= Irdabama =

Early 5th-century BC Persian businesswoman

Irdabama (fl. early 5th-century BC), was an Ancient Persian businesswoman during the reign of Darius the Great (r. 522–485 BC). She is the most well known and wealthiest businesswoman attested to in the records of the Achaemenid Empire at Persepolis. According to Lloyd Llewellyn-Jones (2013), recently uncovered texts in Persepolis indicate that Darius' mother was Irdabama.

It is not clear exactly who Irdabama was, but she was clearly very rich. She has been suggested to be of aristocratic or royal birth. It is also possible that she was in fact two different women. Llewellyn-Jones suggests she descended from a family of Elamite dynasts centered at Susa.

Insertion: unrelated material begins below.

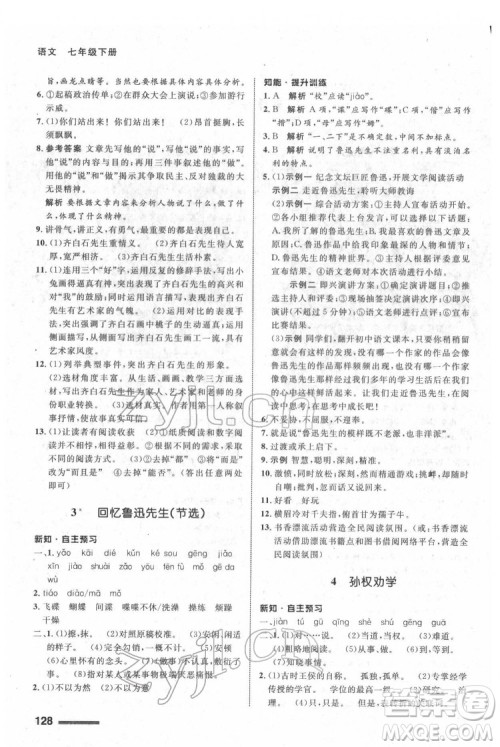 甘肃少年儿童出版社2022配套综合练习语文七年级下册人教版答案 甘肃少年儿童出版社2022配套综合练习语文七年级下册人教版答案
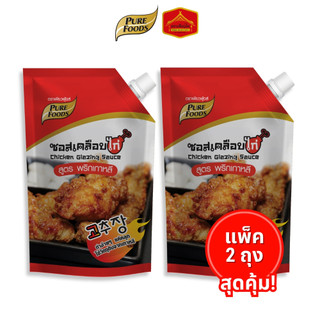 (แพ็ค 2 ถุง) มีฮาลาล ซอสเคลือบไก่ สูตรพริกเกาหลี ขนาด 1,000 g. ตราเพียวฟู้ดส์ วัตถุดิบจากเกาหลี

She possessed her own work forces, include 480 laborers, mainly centered in what is today Shiraz. She is the most notable example of Persian women of this era who owned land and estates in Iran as well as outside Iran such as Babylonia, Syria, Egypt, and Media. She mainly dealt in wine and grain and oversaw business holdings, production centers and her estates.

Several seals have been found regarding her business transactions. It is described how she distributed her goods and food rations to her staff and how she supervised the management of her vast land holdings. She travelled widely around Iran and Mesopotamia with her own entourage of servants.